Even in the face of the second wave of the virus, the Lithuanian economy, which has so far suffered less from the pandemic than most EU countries.

According to V. Vasiliauskas, investments, innovations and people with adequate training and skills are the main long-term sources of increased labor productivity, which would contribute to the transition towards an economy with greater added value. The higher value-added goods and services produced in Lithuania would allow the population to increase their income more quickly and bring it closer to or even higher than the Western European average.

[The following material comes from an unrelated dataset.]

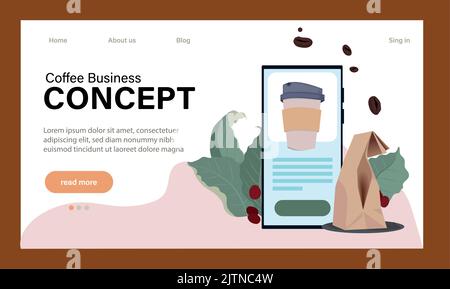 Barista web banner or landing page. Bartender making a cup of hot coffee. Coffeehouse worker making energetic tasty beverage with milk. Flat vector illustration Stock Vector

According to the latest data, Lithuania’s GDP per capita, taking into account price differences, was 57% a decade ago and already reaches 82%. Average and real wages in the EU (adjusted for inflation) have increased by 54 percent over the decade. The basis for this growth is increased labor productivity, but lately it has been growing at half as slow as wages.

According to V. Vasiliauskas, in the long term this trend, when labor productivity increases more slowly than wages, is not sustainable and can slow down income growth, at the same time it has negative consequences for the competitiveness of the country’s economy in the markets. external. Increased investment and public sector investment that complements or enables private investment would help meet this challenge.

Private sector investment in Lithuania is forecast to decline by more than 13% this year, but with the private sector’s propensity to invest in decline, investment in Lithuania should support $ 5.8 billion. The DNA Plan for the Future Economy, which could be financed in part by the EU’s Economic Recovery and Resilience Fund, has been allocated to Lithuania for an amount of almost 2.5 billion euros. euros.

V. Vasiliauskas emphasizes that these funds should be invested after careful evaluation of costs and long-term returns, focusing on the quality of the projects and not on quantity. At present, significant investments are envisaged in the ADN infrastructure plan, but technological progress requires, in particular, investments in staff skills development programs, education and lifelong learning.

“The first area that comes to mind is RND. Investigation and development, research and development – BNS) (…) Here’s an area that we should really focus on. I am very happy that it seems to find its place in the program of the new political cycle, ”said V. Vasiliauskas at the online press conference.

The draft coalition agreement, drawn up by the three right-wing parties that make up the ruling majority, declares a 3% target for future investment in research and experimental development. GDP at 1.5%. GDP indicator already in 2024.

According to V. Vasiliauskas, the proportions of investments foreseen in the ADN plan should also be changed, since it is now planned to allocate approximately three times more funds for infrastructure than for investments in mind.

“I would say that the disproportion should change, especially since we are not really very advanced in that smart investment. (…) It is very important in the implementation of the DNA plan that we achieve the pan-European objectives, firstly related to greening, digitization, innovations ”, stated V. Vasiliauskas.